↓↓↓

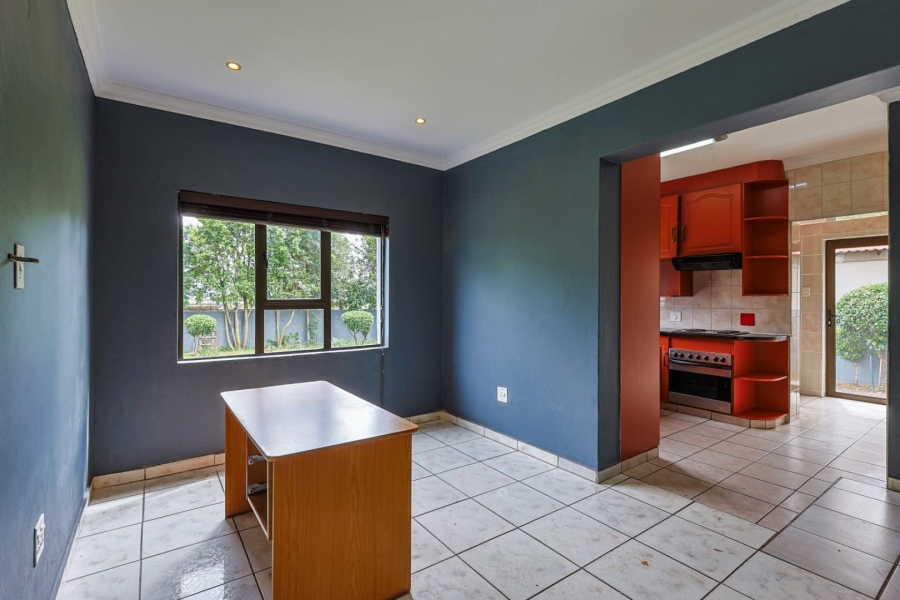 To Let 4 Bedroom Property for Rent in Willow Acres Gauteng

↑↑↑
↓↓↓

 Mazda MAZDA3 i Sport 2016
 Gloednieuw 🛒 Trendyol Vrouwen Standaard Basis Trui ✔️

↑↑↑
↓↓↓

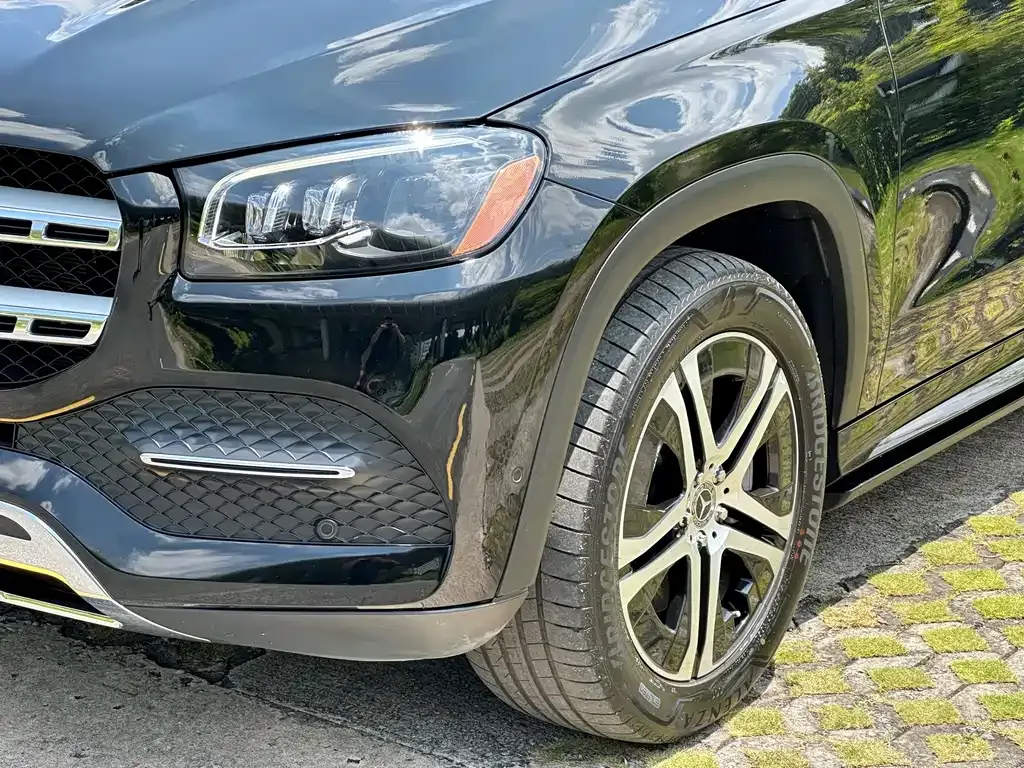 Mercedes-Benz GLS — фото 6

↑↑↑

▸ **PROBLEM**:
In the entries above, find the line holding "Mazda MAZDA3 i Sport 2016" and the line holding "Gloednieuw 🛒 Trendyol", then retype exactly those two lines and every line between them, and nothing else.

▸ **WRITTEN SOLUTION**:
 Mazda MAZDA3 i Sport 2016
 Gloednieuw 🛒 Trendyol Vrouwen Standaard Basis Trui ✔️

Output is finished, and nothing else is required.